WebAssembly 手書きで base122.wasm を作った 2017/9/9

これは何か

base122.wasm は Base-122 の encoder/decoder 実装 by WebAssembly テキスト形式。

学習用に書捨てたコード。

Base-122

みなさん Base-122 をご存知だろうか。 詳細はリンク先を参照してもらうとして、これを簡単に説明するなら名前からわかるように Base64 の変種だ。

私は POSTD の翻訳記事 で知った。 初めて読んだとき、着眼点の面白さとコーディング方式のエレガントさに惚れ込んだ。私達の問題を解決するものでなくても、惚れることってあるよね……。 知らなかったら今すぐ読もう。日本語だし、明確なステップで説明が書かれている良い記事なので。

WebAssembly

みなさん WebAssembly をご存知だろうか。 こちらは注目されている技術なので知っている方は多いと思う。これを簡単に説明するなら Web でバイナリも配布して動かせれば色々メリットあるよね、という仕様だ。

実用的な応用例はいくらでも考えられて、Unity とか WebDNN とか既に動いているらしくて「すげー」ぐらいに認識しているが、私にとっては使いたくなるシーンがなく他人事の技術だった。いつか Web フロントエンドのフレームワークのバックエンド (ややこしい……) が WebAssembly で動くようになれば、デバッグ時に読むかも、ぐらいだ。

base122.wasm

Base-122 + (手書き) WebAssembly = 「勝った」

この組み合わせを思いついたとき、この図式が頭の中に浮かんだ。 ネタ的な面白さと勉強の題材としての丁度良さが自画自賛せざるを得なかった。

base122.wasm が何をするかというと、Base-122 をエンコード/デコードするための API を WebAssembly テキスト形式で書く、というものだ。 出力した WebAssembly はブラウザで動き、Base-122 のエンコード/デコードができる。

感想

WebAssembly テキスト形式 (.wat) を書いているときはツラさしかなかった。 元々、WebAssembly は C++ などの高級言語からコンパイルして出力される実行バイナリのフォーマットを決めるための仕様だ。WebAssembly テキスト形式を自分で書くというのは、言い換えればアセンブリ直書きなんだからそりゃツライ。そういったレイヤーの専門家はいるとは聞くが、私は素人なのでひたすら根気との闘いだった。

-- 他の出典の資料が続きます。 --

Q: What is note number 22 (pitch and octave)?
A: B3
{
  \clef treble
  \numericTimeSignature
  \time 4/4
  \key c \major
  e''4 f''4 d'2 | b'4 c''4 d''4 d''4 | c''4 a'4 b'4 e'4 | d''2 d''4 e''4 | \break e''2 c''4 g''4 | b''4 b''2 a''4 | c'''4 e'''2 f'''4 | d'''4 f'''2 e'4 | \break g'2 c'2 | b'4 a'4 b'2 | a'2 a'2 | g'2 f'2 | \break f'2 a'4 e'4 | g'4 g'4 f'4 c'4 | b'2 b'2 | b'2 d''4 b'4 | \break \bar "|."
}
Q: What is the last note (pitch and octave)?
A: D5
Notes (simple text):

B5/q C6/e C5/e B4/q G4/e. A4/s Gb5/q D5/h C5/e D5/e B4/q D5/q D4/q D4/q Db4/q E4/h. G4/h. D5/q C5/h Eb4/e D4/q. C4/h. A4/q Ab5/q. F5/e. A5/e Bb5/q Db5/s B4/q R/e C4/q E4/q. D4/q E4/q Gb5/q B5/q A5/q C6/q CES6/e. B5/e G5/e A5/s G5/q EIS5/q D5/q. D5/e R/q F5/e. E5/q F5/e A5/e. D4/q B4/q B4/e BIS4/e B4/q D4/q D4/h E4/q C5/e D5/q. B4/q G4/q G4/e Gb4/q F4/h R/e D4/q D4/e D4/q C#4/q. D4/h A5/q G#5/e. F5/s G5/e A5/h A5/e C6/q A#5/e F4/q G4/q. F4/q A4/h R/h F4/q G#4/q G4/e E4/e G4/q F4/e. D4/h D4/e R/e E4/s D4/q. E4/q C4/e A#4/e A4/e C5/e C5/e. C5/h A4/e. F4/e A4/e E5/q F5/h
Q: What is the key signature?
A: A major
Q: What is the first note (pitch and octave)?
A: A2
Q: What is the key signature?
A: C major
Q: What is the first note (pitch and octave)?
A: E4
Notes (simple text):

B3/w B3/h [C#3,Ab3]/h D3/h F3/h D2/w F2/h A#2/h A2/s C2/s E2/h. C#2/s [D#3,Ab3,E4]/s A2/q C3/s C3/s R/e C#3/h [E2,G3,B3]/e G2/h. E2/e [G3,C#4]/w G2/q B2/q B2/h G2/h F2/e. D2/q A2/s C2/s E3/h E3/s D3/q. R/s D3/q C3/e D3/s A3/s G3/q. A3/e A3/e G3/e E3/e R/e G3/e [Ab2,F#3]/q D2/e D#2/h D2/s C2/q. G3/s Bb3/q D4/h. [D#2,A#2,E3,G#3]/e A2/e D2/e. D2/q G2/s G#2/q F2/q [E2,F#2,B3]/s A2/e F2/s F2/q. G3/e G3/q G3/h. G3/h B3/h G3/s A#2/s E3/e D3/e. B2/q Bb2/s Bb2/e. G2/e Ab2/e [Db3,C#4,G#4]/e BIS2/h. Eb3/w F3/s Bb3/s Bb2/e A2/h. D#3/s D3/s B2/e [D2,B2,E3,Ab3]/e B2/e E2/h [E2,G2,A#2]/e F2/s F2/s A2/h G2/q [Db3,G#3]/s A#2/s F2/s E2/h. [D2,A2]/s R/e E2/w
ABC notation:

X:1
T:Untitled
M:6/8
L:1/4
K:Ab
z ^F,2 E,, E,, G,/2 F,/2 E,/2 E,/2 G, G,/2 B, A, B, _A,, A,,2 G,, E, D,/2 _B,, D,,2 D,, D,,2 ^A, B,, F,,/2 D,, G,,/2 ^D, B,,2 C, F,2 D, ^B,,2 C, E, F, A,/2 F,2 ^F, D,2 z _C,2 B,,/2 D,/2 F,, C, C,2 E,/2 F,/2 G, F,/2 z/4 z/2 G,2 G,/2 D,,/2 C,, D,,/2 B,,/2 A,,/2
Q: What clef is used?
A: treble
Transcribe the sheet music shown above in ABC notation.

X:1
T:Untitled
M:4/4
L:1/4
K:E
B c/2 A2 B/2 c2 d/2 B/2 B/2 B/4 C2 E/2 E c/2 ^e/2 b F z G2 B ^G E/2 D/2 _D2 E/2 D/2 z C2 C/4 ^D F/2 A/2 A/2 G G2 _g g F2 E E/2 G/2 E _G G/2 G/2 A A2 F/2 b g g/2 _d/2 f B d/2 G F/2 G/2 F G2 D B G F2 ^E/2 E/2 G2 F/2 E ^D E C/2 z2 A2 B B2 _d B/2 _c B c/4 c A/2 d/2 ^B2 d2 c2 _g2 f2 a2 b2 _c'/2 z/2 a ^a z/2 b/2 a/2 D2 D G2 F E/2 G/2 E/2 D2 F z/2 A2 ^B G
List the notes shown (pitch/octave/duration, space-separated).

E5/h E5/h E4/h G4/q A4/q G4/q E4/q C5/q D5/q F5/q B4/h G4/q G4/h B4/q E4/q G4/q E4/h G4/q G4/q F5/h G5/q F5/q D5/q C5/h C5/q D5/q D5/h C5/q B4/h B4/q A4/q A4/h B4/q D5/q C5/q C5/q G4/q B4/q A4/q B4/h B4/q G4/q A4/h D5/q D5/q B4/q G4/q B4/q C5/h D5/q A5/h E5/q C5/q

言い換えれば根気があれば普通に書ける。 他の CPU 命令や VM を知らないのでイメージでしか語れないが、WebAssembly の仕様は (現状) 非常に小さい。データ型は i32, i64, f32, f64 の 4 種しかなく、命令もサラッと読めてしまう程度のものしかない (その後 LLVM IR のフォーマットを読もうとして腰を抜かした)。 なんでそうなっているか、みたいな話も まとめられてて 面白そうだが、専門外の領域なので読んでもよくわからない部分が多かった。

やって良かった点が、なぜグルーコードと呼ばれるものが必要なのか、というのが肌で感じられたことだった。 手を動かさなくても仕様をしっかり理解していればわかることだろうけど、手を動かすのが最も仕様を理解するモチベーションになるので。 グルーコードというのは WebAssembly と JavaScript を橋渡しするもの。上記通り WebAssembly にはデータ型が数値 4 種しかないため、WebAssembly で文字列を扱いたい、となっても素の WebAssembly が公開する関数は文字列を返せない。両方から触れるメモリ空間を利用したりしてやりとりするわけだけど、その変換をしたりする。その他、DOM を触ったり WebGL を呼び出したりは全部グルーコード (JavaScript) のお仕事。 今まで Emscripten で WebAssembly を出力するとなんで一緒に JavaScript がくっついてくるんだ、と謎に思っていたがわかってよかった。